Goat meat is silently slipping away from Kenyans’ dining tables as the prices surge. Once a culinary staple celebrated for its distinctive flavour and cultural significance, fewer and fewer families can now afford the meat.
Mohammed Sora, who has sold goats at Kiamaiko Market in Nairobi for decades, attributes the rising cost to low supply.
He says prolonged drought has led to livestock losses and the few goat farmers who have stock are reluctant to sell locally because the export market fetches better prices.

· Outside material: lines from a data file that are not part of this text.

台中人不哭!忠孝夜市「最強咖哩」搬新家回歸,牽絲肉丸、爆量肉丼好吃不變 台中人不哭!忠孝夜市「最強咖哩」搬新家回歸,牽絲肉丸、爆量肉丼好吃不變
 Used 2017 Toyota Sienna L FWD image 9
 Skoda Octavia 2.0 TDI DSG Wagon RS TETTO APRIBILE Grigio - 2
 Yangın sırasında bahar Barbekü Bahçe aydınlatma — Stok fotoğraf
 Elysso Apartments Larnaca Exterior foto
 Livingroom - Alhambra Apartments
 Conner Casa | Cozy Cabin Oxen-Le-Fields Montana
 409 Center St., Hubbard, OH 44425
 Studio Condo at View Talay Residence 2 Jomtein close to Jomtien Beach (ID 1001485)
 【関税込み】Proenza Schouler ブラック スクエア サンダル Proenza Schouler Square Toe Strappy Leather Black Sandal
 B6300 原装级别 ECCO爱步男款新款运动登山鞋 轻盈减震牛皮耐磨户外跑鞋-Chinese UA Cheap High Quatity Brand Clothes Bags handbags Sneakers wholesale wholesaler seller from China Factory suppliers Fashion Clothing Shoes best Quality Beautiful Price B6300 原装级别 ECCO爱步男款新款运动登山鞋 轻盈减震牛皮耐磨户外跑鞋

“Many people lost their goats to famine, and those who still have them prefer the export market because they can sell at once, in bulk. Right now, we are buying one goat for Sh10,000 to Sh14,000, and it’s for resale. This is a sharp increase from Sh5,000 to Sh7,000 a few months ago. The high prices have really affected our business,” he says.
Ghulam Nabi who runs Ibrahim’s Butchery in Nairobi, says each day, the price of goat meat seems to rise, as buyers from the Middle East, DRC, Sudan and Egypt snap up the few goats available in Kenya.
“In the international market, goat meat is being bought in dollars, and the exchange rate is at a staggering Sh150,” says Mr Nabi.
He says they now have to compete with exporters, and then pass the costs to consumers.
“That’s why goat meat in butcheries now costs Sh850 to Sh900 a kilo,” he says, “and the quantities that customers are accustomed to are becoming increasingly hard to obtain. I have had to buy like 20 goats at once, but most times, they deliver just a fraction of that, sometimes as few as two goats.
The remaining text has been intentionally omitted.